__WORK TO COMPLETE__. Write out every line below that includes the word "pool".

Recorded data

**********

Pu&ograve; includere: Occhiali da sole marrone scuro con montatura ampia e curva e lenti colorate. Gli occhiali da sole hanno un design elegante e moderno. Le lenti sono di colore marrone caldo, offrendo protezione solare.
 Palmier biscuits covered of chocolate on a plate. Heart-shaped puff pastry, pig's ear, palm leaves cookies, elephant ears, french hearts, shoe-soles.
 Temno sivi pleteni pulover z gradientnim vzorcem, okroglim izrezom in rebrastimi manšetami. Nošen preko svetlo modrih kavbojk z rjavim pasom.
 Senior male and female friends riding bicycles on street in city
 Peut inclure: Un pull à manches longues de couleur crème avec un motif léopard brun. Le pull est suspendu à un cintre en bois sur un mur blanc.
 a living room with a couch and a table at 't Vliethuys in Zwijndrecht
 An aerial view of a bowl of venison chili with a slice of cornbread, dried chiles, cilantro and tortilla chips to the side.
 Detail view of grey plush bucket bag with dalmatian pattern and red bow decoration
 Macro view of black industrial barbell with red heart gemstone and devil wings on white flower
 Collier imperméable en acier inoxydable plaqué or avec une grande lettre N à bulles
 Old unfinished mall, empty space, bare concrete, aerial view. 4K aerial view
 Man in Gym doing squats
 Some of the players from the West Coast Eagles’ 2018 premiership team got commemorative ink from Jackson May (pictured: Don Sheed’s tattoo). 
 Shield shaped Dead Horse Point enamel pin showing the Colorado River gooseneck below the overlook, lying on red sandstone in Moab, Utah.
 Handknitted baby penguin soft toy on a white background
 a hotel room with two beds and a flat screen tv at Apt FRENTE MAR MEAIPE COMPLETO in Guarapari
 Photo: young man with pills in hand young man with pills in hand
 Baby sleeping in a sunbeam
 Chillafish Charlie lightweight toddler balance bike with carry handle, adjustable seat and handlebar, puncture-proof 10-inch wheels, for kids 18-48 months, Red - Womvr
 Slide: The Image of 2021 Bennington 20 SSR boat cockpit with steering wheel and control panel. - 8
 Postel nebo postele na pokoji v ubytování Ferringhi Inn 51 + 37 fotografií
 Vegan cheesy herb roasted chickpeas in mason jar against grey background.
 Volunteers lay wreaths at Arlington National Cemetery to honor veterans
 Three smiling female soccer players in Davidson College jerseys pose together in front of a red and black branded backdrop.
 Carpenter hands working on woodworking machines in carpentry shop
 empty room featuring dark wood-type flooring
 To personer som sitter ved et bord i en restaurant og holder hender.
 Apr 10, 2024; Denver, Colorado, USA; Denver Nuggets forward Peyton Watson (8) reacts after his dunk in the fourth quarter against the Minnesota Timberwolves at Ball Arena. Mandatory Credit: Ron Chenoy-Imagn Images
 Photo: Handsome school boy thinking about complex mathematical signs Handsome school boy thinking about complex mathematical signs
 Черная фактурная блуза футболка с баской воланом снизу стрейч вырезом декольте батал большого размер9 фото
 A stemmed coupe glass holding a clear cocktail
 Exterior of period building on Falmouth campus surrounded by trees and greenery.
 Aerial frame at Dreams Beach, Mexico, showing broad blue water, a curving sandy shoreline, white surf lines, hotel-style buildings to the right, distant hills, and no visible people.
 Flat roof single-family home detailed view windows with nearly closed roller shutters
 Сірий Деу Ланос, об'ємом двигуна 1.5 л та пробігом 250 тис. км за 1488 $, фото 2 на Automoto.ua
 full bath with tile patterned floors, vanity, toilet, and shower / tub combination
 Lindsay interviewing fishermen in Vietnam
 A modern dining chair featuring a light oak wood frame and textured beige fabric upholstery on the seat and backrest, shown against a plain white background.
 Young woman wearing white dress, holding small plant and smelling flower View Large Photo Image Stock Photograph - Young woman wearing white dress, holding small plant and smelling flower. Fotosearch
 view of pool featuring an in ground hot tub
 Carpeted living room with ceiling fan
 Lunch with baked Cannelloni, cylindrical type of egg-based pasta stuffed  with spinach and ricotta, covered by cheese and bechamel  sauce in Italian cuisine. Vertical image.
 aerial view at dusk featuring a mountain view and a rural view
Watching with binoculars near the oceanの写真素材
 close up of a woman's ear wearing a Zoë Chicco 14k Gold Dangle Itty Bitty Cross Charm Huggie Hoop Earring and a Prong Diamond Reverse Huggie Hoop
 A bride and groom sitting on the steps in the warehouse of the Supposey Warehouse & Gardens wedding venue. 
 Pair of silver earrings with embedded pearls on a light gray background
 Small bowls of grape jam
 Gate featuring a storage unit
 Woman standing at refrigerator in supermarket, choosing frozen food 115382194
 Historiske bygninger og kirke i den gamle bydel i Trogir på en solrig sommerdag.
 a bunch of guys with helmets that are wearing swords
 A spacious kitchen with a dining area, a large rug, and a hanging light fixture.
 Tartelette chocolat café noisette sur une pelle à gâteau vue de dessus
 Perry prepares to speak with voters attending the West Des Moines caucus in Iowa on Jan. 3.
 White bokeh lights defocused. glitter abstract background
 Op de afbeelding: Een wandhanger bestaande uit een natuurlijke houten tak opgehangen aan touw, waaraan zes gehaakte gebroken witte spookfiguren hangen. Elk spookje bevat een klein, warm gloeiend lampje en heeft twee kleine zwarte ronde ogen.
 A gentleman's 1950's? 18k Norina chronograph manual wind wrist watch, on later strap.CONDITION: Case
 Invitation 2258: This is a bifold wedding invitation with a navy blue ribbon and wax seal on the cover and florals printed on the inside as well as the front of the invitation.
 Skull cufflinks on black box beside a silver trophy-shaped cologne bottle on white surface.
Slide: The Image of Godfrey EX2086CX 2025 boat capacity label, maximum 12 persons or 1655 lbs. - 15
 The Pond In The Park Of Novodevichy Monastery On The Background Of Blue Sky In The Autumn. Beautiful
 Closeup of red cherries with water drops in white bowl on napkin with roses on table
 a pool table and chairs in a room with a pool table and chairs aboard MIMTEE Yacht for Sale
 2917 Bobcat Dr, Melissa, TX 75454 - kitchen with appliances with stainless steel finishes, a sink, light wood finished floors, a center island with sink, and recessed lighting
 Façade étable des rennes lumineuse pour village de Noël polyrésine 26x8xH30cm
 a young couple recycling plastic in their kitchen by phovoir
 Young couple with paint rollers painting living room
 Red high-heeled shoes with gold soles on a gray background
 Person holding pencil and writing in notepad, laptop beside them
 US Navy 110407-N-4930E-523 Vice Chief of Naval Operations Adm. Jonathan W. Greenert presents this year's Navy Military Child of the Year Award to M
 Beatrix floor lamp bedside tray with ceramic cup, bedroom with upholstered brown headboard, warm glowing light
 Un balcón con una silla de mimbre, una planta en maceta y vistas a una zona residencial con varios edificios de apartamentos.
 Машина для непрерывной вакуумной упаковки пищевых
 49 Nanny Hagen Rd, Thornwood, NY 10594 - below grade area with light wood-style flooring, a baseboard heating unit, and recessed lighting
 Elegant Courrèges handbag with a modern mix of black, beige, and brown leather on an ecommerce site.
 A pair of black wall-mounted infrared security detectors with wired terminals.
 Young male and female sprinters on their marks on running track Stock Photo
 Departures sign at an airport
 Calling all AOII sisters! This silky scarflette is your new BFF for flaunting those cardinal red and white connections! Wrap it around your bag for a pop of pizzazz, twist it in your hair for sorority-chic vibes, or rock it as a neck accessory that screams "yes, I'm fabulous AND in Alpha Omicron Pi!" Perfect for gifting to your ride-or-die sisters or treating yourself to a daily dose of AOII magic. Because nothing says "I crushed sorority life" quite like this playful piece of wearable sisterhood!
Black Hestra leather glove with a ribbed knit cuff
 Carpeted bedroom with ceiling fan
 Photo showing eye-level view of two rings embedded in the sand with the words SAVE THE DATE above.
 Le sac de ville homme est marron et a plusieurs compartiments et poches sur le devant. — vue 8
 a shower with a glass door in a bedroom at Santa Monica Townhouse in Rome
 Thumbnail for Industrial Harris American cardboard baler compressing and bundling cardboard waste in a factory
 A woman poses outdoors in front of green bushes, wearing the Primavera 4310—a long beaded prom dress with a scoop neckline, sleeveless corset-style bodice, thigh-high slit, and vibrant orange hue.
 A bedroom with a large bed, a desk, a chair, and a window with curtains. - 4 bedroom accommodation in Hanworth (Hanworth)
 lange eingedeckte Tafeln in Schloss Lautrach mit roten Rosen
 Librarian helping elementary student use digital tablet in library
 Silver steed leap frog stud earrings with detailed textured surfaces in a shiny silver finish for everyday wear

**********

__WRITTEN SOLUTION__.
 view of pool featuring an in ground hot tub
 a pool table and chairs in a room with a pool table and chairs aboard MIMTEE Yacht for Sale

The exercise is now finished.